Exactly transcribe the span of lines from the one containing "Katherine Dunn’s quote" through the final line of the entries, inclusive, and nothing outside it. Exclude the pictures.

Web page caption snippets
□ □ □ □ □ □ □

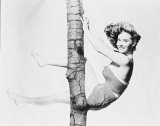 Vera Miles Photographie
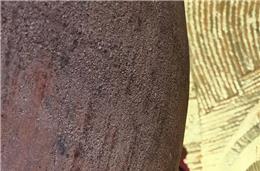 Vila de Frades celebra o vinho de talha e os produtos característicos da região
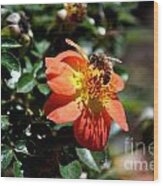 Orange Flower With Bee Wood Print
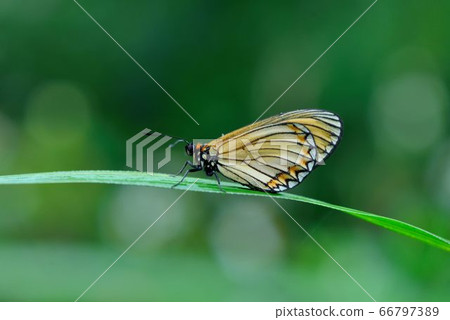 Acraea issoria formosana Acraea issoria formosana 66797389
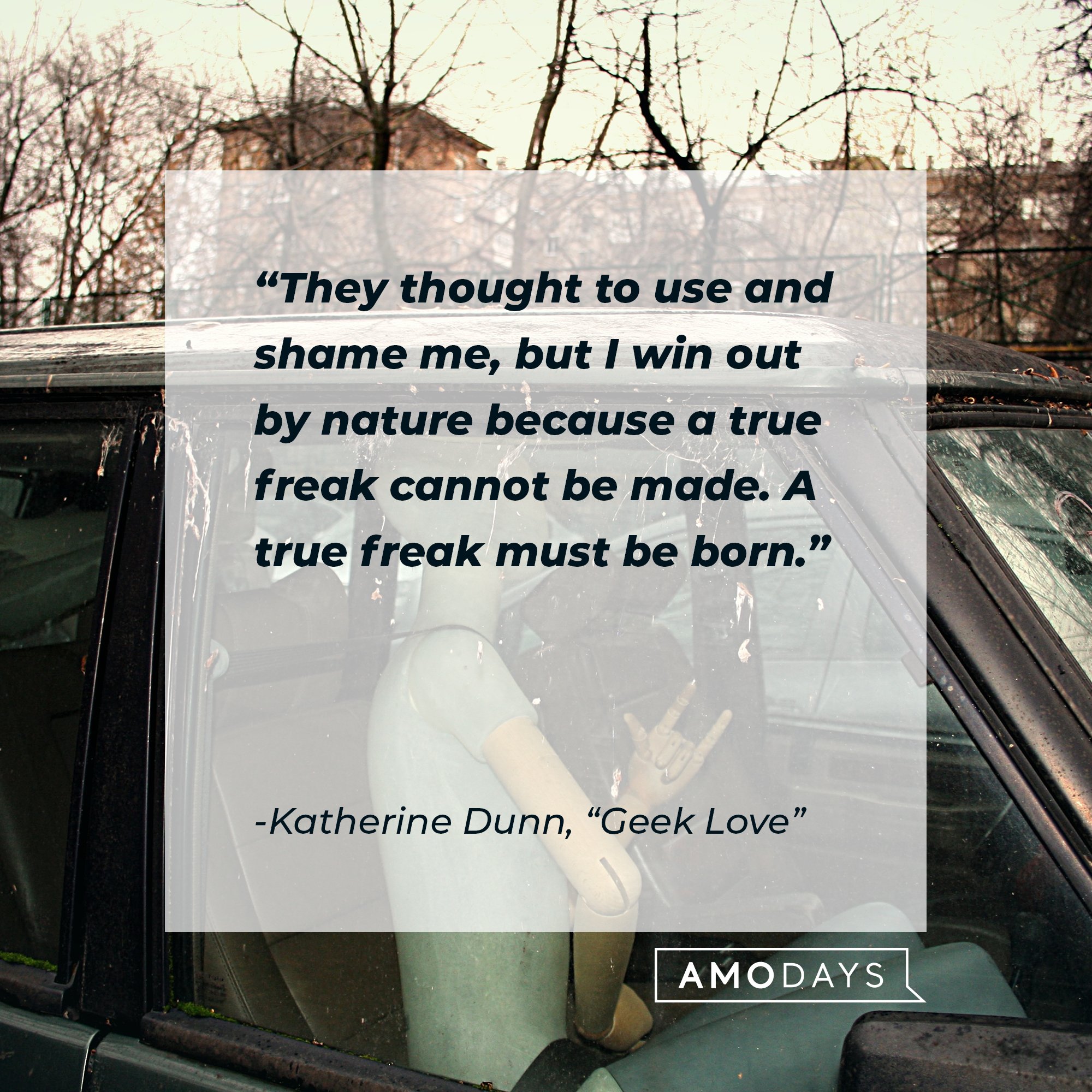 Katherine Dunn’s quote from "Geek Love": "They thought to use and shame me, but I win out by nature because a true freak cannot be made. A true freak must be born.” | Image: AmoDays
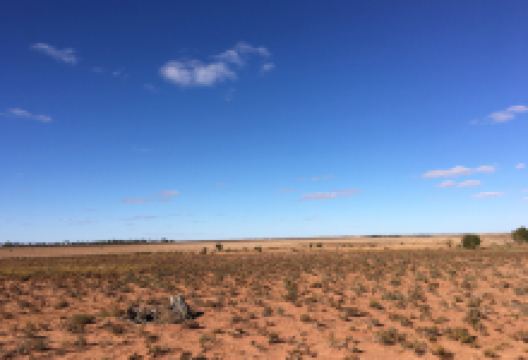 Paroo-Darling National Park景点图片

□ □ □ □ □ □ □

• **EXERCISE SOLUTION**
 Katherine Dunn’s quote from "Geek Love": "They thought to use and shame me, but I win out by nature because a true freak cannot be made. A true freak must be born.” | Image: AmoDays
 Paroo-Darling National Park景点图片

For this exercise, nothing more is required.